How to boot FreeBSD 10.2 on a MacBookPro 7,2?
Is the NVidia MCP89 AHCI SATA controller a problem?
Is ACPI a problem?
How to obtain more debugging information?
*Known actual state*
The FreeBSD wiki on MacBook says:

Recent MacBook Pro and Mac Mini with NVIDIA MCP89 cannot find SATA drives. Linux added a workaround (https://bugzilla.kernel.org/show_bug.cgi?id=15923) and we may need a similar hack until correct fixes are found.

and there is a patch

Do not force AHCI mode on NVIDIA MCP89 SATA controllers. Recent Apple
Mac with this chipset does not initialize AHCI mode unless it is started
from EFI loader. However, legacy ATA mode works.

Submitted by: jkim@ (original version)
Approved by: re (kib)
MFC after: 1 week

Already included in FreeBSD 10.2

*Resources*

There is a related question here: FreeBSD 8.1 on MacBook 5,2
And an interesting documentation about boot troubleshooting there: https://doc.pfsense.org/index.php/Boot_Troubleshooting
There is a related unix stackexchange question


----------



## Vinicius Agassi (Nov 24, 2015)

4 Steps

1 - Virtualize a BSD in Mac OS System
2 - Convert Virtualized HDD (vdi) to .img
3 - Burn .img in a HDD partition
4 - Start & Enjoy


----------



## Ortomala Lokni (Nov 24, 2015)

Yes, you are right. I already did it. 

But I would like to install FreeBSD directly on the macbook hardware.


----------



## Vinicius Agassi (Nov 24, 2015)

Yes, the Virtual Machines create a archive.vdi or archive.vmc.
You need convert this archive to .img and then, you can burn this image on HDD.


----------



## Atsuri (Nov 29, 2015)

OP, have you tried running FreeBSD from a DVD? For me FreeBSD would boot much better from a DVD on average.

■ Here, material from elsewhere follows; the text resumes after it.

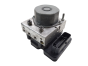 Абсорбционна помпа Renault Clio 4 476608428R 0265956035 Bosch 1053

Also, I have the very same MacBook Pro and there are known problems with the proprietary nVidia drivers and the nVidia card on this laptop. The GeForce 320M is one of the rare devices not properly supported by nVidia's drivers and problems with it were never addressed. Unfortunately, it is also related to Apple's UEFI setup. There is a workaround, though maybe it's not needed for FreeBSD?

Best of luck!


----------